A bored person is a boring person
Someone once said to me that a bored person is a boring person (I was bored at the time). I can’t decide if I agree with that. At the time I disagreed a lot but that was because I was always defensive of anything anyone ever said to me; whether it was true or not. I don’t get bored often, and when I do it’s more of a hormonal thing than a real boredom, because the things that normally keep me entertained don’t fulfil me whatsoever. Nothing fulfils me and it’s quite awful. Sometimes I notice it when I’m going through it but noticing it doesn’t help much.
There are so many things I want to do but I don’t do any of them. I’m not sure that I like being busy. It puts me on edge. Some people seem to fit so much into their day but I can’t handle having a packed schedule. When I have a driving lesson, even though they only take two hours out of my day, I can’t seem to do anything else on the same day. I need the time before the lesson to worry and hyperventilate, and the time after it to recover. The same goes for other things like going to the hairdressers.

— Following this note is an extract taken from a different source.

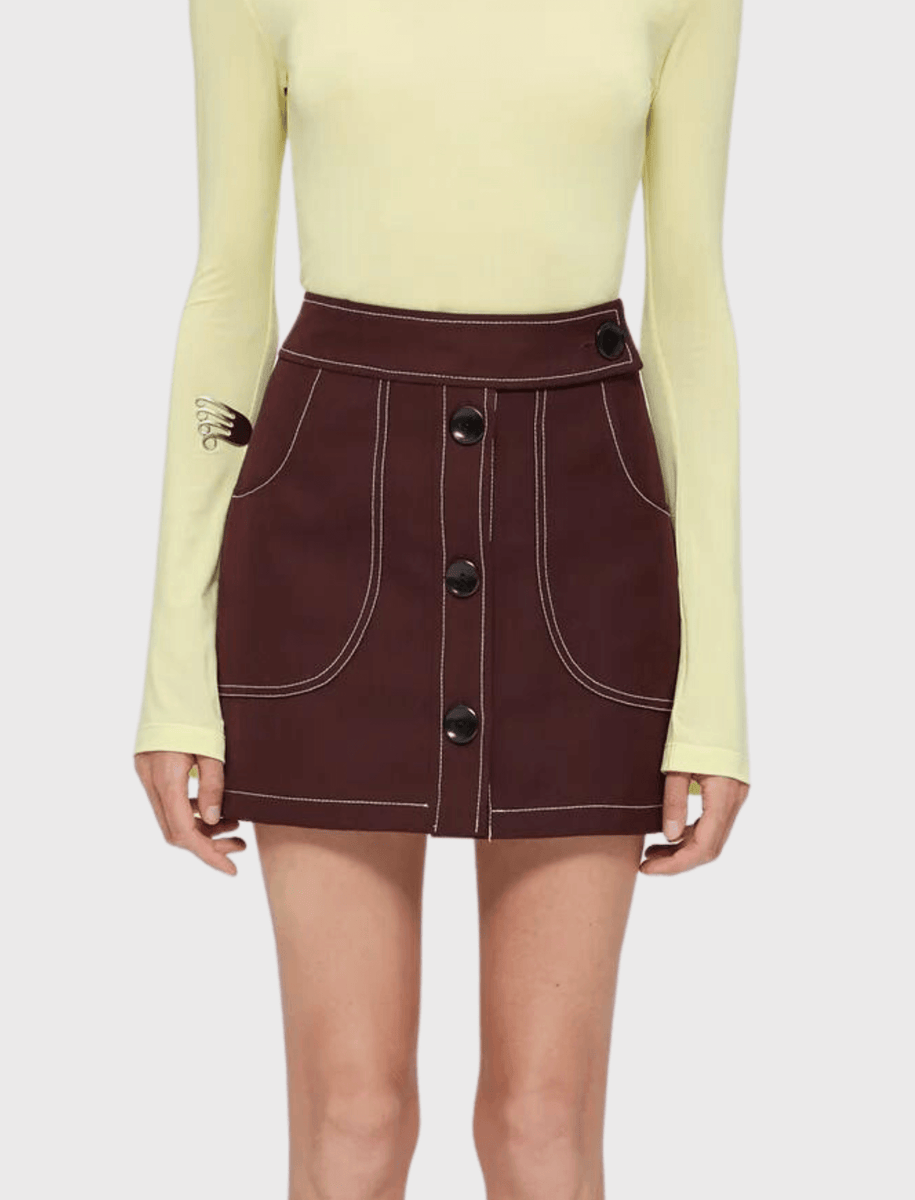 Theory leather outlet pencil skirt mulberry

When my driving lessons are finally over (i.e. I pass my driving test!), I think I will try out jam packing my days and see how I like it. I want to do gardening, decorating, writing, drawing, exercising… and – shock horror – maybe even housework. I’d like to get up early and then feel happily exhausted at the end of the day. I don’t know what’s stopping me from doing it before I pass my test. Never was one to push myself.